This five-song EP arrived in 1985 on Plan 9 Records.  Though the rather titillating cover was a step up from the first record (1984’s Initium), there’s little else here that could be considered progress with respect to the debut.  Glenn Danzig continued to explore his rather odd Samhain vision — one lost somewhere in the netherworld between punk and heavy metal.  Samhain was a band unsure whether to continue with the gimmickry of Misfits or try to be taken seriously as something more real world scary.  While its true that Samhain sounded like none other, I’m not so sure that any band would (or should) want to.  My score: C+

Frehley’s Comet – Live + 1 (1988)

Ace Frehley’s first album after leaving KISS was called Frehley’s Comet (1987) — and a damn fine album it was!  In 1988, Ace followed up with the five-track EP Live + 1 (with Frehley’s Comet now as the band’s official name).  Contents include two live cuts taken from the Frehley’s Comet album — Breakout and Something Moved (both voiced by Tod Howarth).  The version of Breakout is extended thanks to a superfluous drum solo from Anton Fig.  (Get the skip button ready for that one.)  Two more live cuts were from Ace’s KISS days — Rip It Out and Rocket Ride, the latter of which Ace introduces by telling the crowd its a song about “entering a black hole”.  A not-so-clever double entendre there.  The EP ends with a new studio track called Words Are Not Enough.  This is an upbeat and catchy rocker.  They threw some keyboards in there, too — just in case you needed a reminder it was 1988.  My score: B-

Vengeance Rising – Human Sacrifice (1988)

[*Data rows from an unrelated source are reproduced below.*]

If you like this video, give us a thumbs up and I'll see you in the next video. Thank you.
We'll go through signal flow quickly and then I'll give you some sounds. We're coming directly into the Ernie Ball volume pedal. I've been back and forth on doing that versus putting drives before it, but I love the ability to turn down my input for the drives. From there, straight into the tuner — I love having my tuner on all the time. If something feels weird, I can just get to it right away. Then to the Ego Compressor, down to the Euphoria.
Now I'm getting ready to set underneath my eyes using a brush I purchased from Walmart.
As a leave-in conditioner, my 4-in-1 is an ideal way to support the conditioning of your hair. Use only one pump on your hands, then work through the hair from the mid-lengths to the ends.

I was online one day researching an album for one of my reviews when I came across Heaven’s Metal Magazine’s “Top 100 Christian Metal Albums Of All Time List”.  The number one album on the list was Vengeance Rising’s Human Sacrifice (released in 1988 by Intense Records).  It just so happens that I own this album.  I obtained a copy of Human Sacrifice on cassette when I bought someone’s entire metal collection on eBay.  I had never gotten around to listening to it, but when I saw the aforementioned list above my interest was piqued.  Though I am by no means an aficionado of Christian metal, I now knew I wanted to hear the so-called “most radical Christian album ever released” for myself.

When Human Sacrifice was first released the band was simply called Vengeance, but threats of litigation by the Dutch band Vengeance resulted in the name change to Vengeance Rising.  My cassette copy of Human Sacrifice is a 1989 issue by Medusa Records that has the name Vengeance Rising on it.

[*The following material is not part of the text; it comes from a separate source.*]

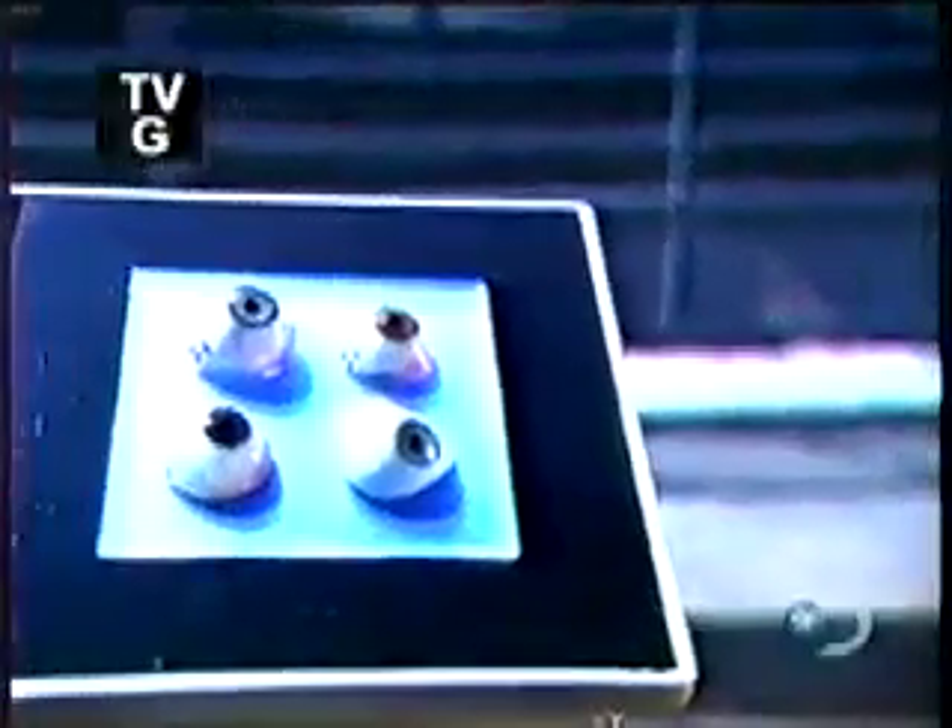Romans and Egyptians fashioned artificial eyes out of painted clay. By the 1500s, Europeans started making them out of enameled gold and soon out of glass, which remained the norm for hundreds of years. Today, most artificial eyes are made of acrylic.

I guess Human Sacrifice made quite a stir in the Christian metal community when it dropped in 1988.  First of all, this is an “extreme” Christian metal album.  Evidently it is one of the first of its kind.  Vengeance Rising was not another Stryper gayly soaring towards the heavens on wings of cheese.  Nay, Vengeance Rising was “brutal” thrash/death metal — each song as prickly as a thorn in the Nazarene’s crown.  But it really doesn’t matter because the vocals of Roger Martinez can’t possibly be taken seriously.  His deranged voice is some sort of proto-death/black metal hybrid that sounds like a possessed Grover from Sesame Street.  I know AC/DC’s Brian Johnson once sang that “rock ‘n roll ain’t noise pollution”, but I bet even ol’ Brain would change his mind if he heard Martinez take to the microphone like a rabid jackyl hopped up on Jesus juice and seemingly on the verge of a full brain embolism.

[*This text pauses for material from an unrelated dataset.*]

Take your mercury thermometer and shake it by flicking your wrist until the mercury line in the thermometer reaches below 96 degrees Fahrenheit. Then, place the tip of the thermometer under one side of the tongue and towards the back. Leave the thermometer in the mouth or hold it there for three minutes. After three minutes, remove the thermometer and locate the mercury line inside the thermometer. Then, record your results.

Turns out this Martinez guy later turned his back on Christianity and even became a Satanist (according to the band’s Wikipedia page).  Talk about a shit show!  My score: D

Blonz – Blonz (1990)

Another in a long parade of hair band clones that arrived at the turn of the decade, the band Blonz delivered just one album before disappearing into the ether.  The self-titled album came out on Epic Records (part of the CBS Records mega-label that was dispensing hair metal like Pez directly to the cavity-ridden mouths of a sweet-toothed America).  Blonz (all dudes by the way, in case you were wondering) hailed from Georgia.  Blonz’s southern roots can be heard coming through on the song It’s The Same.  Unfortunately, this is really the only song that is infused with southern flavor.  I wish Blonz had explored this sound a bit more.  It may have better separated them from the pack.  The two tracks that start the album (Miracles and Hands Of Love) are catchy tunes with nice hooks.  Both remind me of Bon Jovi.  In fact, singer Nathan Utz’s voice was like a cross between Jon Bon Jovi and Jeff Keith (Tesla).  As with all hair band albums, a power ballad is a necessity.  Blonz delivers not one but two ballads with What’s On Your Mind (forgettable) and Rainbow (decent).  My score: B-

No Shame – Good Girls Don’t Last  (1989)

No Shame was an all-female quartet that released just one album called Good Girls Don’t Last on Columbia Records in 1989.  It’s a fairly average collection of glam rock with a couple of pretty good tunes.  Cheater and Good Girls Don’t Last are my personal faves.  No Shame were unapologetically glam, but not so over-polished that they lacked a definitive edge.  Singer Jacqui Lynn helped define the band’s tough-but-sexy style with her spirited performance.  She was a little grating on the high notes and not exactly the smoothest operator on the microphone — as she vamped it up too much — but one can’t deny her passion.  But unfortunately at the end of the day, No Shame didn’t have the hits to make enough people take notice.  It may be true that good girls don’t last but these girls didn’t last either.  My score: C+

Cry Wolf – “Crunch” (1990)

Cry WolfIn 1990 the mainstream music world had become over-saturated with glam hard rock.  All the labels were flush with hair bands.  As a result, a lot of very talented bands went unnoticed because there was only so much room at the top.  Eventually the whole bubble burst in the early nineties and even the platinum sellers were dropped by their labels.  Almost overnight, an entire genre was gone from the airwaves.  Ultimately, all but a relative few of the hair bands were forgotten.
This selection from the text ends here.